In the hands of the Inquisition, Coustos gave evidence under solemn oath on a number of occasions, and on April 25, 1744, was tortured on the rack in Lisbon for more "than a quarter of an hour," being afterwards sentenced to serve four years in the galleys. On the intervention of the British Minister at Lisbon he was liberated in October 1744, and reached England on December 15 of the same year. Hitherto we have had, in a book which he wrote and published in England in 1746, a not quite reliable account of his tribulations (he can be forgiven much, poor fellow!), but, fortunately for masonic history, the original documents from the Archives of the Inquisition have been discovered, have been translated by a member of the Lisbon Brand of the Historical Association and reproduced by John R. Dashwood in A.Q.C. (vol. lxvi, pp. 107-123).

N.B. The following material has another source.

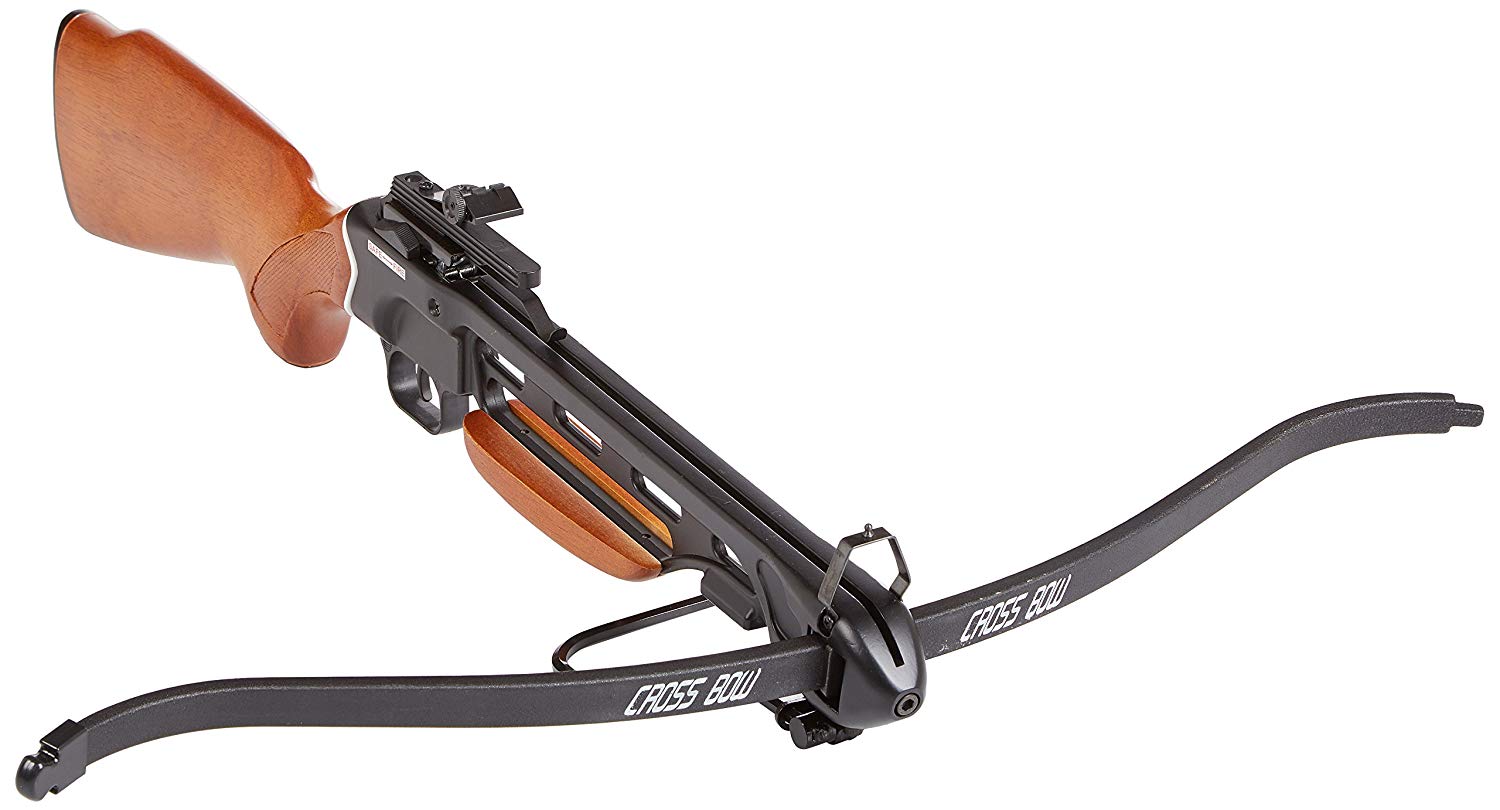 the best crossbow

These documents show that Coustos made a "confession" on two days of March 1743, and in this he gave a fascinating account of the Craft masonry known to him, a tiny portion of this account being here reproduced:
didnt feel comfortable posting this in an untyled area, but just PM me and Ill send it to you.
John Coustos declared this and many other things under oath on March 26, 1743, and it will be particularly noted that the legend or ritual revealed by him, including St John's reference to the 'Word,' must have been that of one or two lodges under the Premier Grand Lodge during the 1730's. As the authenticity of the quoted passage does not admit of any doubt, it is beyond question that in the 1730's a Craft ritual--that is, the ritual of one or more London lodges, not necessarily all, by any means--contained elements which now are unknown to the Craft, but which, in an elaborated form, are present in todays RA ritual.
The Coustos documents (which, we must insist, to be read are to be believed) afford proof that some of the bare essentials of the RA legend were certainly known to a few English lodges-- lodges of the 'Moderns,' remember--at an early date, a fact that must necessarily affect hitherto accepted views on the early history of the RA."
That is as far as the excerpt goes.